BBC On-Line ran a special article on how various Christian organisations are involved. SRT has been working together with partner churches in most of the major church denominations in the UK, development agencies like Tearfund, Christian Aid, CAFOD and SCIAF, other Christian environmental organisations such as:
Christian Ecology Link (CEL)
John Ray Inititative.
The UK churches are especially promoting CEL’s Operation Noah campaign.
Stop Climate Chaos
As Christians around Europe marked 1 September 2005 as Creation Day, SRT Director Donald Bruce spoke on behalf of Tearfund at the Scottish launch of the ‘Stop Climate Chaos!’ campaign (along with other Christian development charities, and environmental NGOs such as WWF, RSPB and Friends of the Earth). Christian concerns for God’s creation and for the poor are inextricably linked. For Tearfund (as also with the Church of Scotland), it’s a ‘both-and’ situation. It requires co-ordinated action on energy issues, poverty, and development. The unique grassroots network of the church worldwide also enables it to tap into the impacts which climate change is having on the ground in the poorest parts of the globe. This is where people and communities stand to suffer most from these impacts but have the least resources or infrastructure to adapt and respond. In a new report ‘Dried Up, Drowned Out’ Tearfund’s partners tell of radically changed patterns of seasons with less or unpredictable rains, failed harvests and malnutrition, or of stable water sources drying up on the one hand or increased flooding on the other, of the encroachment of the sea on low lying land. A rising tide of people is being forced to move to look for better land and water to sustain even basic living, or in some cases just to have land - like the Bangladeshi man whose house is now half a mile out at sea, and who lives in a shack, well aware of the risks but too poor to go somewhere else.
Churches Raise the Alarm at the G8 Summit
Facing such situations of structural injustice and circumstantial plight, Christians cannot keep silent. When the G8 Summit met in Gleneagles Scottish churches rang bells or held silence on July 7 during the G8 summit to raise the alarm on the urgency of addressing climate change. Scottish evangelical leaders, all stressing the urgency of setting a concete long term plan to implement radical reductions in greenhouse gas emissions.

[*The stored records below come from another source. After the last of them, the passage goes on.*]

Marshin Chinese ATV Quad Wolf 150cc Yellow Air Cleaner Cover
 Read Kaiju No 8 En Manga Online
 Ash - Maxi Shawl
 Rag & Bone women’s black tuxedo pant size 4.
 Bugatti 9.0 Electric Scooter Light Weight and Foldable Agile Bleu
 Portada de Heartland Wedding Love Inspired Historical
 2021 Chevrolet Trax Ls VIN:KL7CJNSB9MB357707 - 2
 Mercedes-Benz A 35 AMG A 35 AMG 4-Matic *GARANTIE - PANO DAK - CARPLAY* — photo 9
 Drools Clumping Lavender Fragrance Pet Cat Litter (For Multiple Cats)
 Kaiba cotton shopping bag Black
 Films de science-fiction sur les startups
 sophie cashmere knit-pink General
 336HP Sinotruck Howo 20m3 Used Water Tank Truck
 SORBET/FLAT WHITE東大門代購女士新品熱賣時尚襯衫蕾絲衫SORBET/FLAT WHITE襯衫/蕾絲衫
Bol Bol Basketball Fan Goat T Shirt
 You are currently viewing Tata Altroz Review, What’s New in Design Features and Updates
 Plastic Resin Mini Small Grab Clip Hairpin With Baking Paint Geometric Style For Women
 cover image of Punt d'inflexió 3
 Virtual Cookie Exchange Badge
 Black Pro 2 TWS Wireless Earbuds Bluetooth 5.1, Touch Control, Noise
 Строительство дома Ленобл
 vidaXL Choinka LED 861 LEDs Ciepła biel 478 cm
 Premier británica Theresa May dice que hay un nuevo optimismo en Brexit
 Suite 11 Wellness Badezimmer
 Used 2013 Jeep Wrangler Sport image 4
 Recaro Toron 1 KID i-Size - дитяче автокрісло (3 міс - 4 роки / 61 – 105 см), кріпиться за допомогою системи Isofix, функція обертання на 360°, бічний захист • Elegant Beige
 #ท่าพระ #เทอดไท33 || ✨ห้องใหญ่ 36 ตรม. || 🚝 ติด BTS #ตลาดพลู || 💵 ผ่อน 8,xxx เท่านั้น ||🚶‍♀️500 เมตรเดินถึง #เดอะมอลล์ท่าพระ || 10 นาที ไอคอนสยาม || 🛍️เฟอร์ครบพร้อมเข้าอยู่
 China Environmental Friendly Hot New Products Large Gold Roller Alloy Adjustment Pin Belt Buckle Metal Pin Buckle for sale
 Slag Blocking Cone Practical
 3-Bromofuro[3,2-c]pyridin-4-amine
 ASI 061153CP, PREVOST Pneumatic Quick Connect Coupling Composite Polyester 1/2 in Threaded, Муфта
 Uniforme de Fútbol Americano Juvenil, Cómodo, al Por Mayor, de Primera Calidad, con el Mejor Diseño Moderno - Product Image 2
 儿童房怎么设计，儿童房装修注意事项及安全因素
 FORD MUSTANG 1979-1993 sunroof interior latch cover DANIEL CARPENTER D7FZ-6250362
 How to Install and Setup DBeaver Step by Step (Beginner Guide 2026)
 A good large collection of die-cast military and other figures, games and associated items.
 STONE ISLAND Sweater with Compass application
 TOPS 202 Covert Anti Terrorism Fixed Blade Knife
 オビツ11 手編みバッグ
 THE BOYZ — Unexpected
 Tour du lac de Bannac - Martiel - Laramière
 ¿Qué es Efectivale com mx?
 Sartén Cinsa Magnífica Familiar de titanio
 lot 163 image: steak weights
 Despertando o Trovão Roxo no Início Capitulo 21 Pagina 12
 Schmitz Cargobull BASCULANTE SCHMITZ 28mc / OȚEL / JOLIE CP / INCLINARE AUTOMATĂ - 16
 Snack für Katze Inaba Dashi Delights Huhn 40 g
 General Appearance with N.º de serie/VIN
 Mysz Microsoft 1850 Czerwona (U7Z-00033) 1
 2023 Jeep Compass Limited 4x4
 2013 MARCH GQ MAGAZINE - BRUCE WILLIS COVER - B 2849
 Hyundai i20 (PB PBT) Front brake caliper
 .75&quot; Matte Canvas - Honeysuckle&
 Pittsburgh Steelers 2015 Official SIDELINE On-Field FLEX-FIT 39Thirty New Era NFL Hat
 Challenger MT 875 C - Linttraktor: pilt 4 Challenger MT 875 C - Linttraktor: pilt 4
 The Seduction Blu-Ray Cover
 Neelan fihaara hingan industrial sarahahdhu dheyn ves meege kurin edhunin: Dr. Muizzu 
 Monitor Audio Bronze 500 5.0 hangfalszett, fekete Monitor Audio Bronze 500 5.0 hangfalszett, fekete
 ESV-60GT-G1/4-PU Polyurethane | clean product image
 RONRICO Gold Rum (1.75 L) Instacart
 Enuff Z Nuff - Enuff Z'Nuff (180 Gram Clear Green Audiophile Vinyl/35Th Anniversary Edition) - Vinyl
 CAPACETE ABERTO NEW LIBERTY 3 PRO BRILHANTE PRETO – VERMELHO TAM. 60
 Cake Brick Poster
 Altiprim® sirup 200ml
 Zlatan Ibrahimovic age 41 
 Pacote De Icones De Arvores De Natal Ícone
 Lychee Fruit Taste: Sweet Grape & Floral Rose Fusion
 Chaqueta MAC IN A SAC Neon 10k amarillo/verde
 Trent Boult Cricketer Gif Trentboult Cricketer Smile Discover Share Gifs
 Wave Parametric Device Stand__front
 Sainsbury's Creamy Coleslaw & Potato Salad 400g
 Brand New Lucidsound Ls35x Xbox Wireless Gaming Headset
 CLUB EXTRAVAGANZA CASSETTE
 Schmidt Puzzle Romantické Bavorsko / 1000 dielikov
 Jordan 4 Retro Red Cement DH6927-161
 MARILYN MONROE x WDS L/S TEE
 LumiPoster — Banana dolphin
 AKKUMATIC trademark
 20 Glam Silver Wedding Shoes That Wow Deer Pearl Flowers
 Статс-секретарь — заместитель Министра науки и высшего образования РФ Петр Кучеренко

Letters went from the Environmental Issues Network of the UK and Irish churches to the Tony Blair calling for much greater action from the UK Government to turn the excellent intentions of addressing a 60% reduction in greenhouse gases by 2050 into action. This implies policies which can deliver realistically what is clear to the overwhelming majority of the scientific community is needed to bring under control the damage our energy profligacy of the past century have set in train. Letters also went to the G8 leaders from the European Christian Environment Network, the Conference of European Churches and the World Council of Churches
These letters also emphasised the need for all people to play their part in their own lifestyles and that the churches are already committed to doing this. This was one of the themes of a climate petition from the churches of industrialised nations which was handed in 1997 to the world’s climate negotiators in Bonn, a few months before the Kyoto agreement. Since then we have sought to put our action into words by such schemes as Eco-Congregation which show that Christians are already changing their lifestyle to protect the planet. The powerful presence of Christian groups on climate change is striking, because we are beginning to show what might be done more widely by ordinary men women and children in our communities to make a real difference without which the world’s poor will still suffer unjustly from climate impacts.
Churches across the World
These are not a new development in the churches. The World Council of Churches (WCC) has been active in advocacy work from the mid-1990’s to the present day. See the extensive WCC documents on climate change. In 1997 the WCC invited churches and any others who share our concerns amongst the industrialised nations to petition our Governments for more stringent policies to reduce our carbon dioxide emissions, and to encourage measures like the saving of energy and the introduction of much more renewable energy into our supplies. This had a considerable impact on the negotiations leading up to the Kyoto agreements. Operation Noah follows on this scheme with a new campaign, organised by Christian Ecology Link, over many years of involvement with the UN in the Kyoto process and subsequent developments.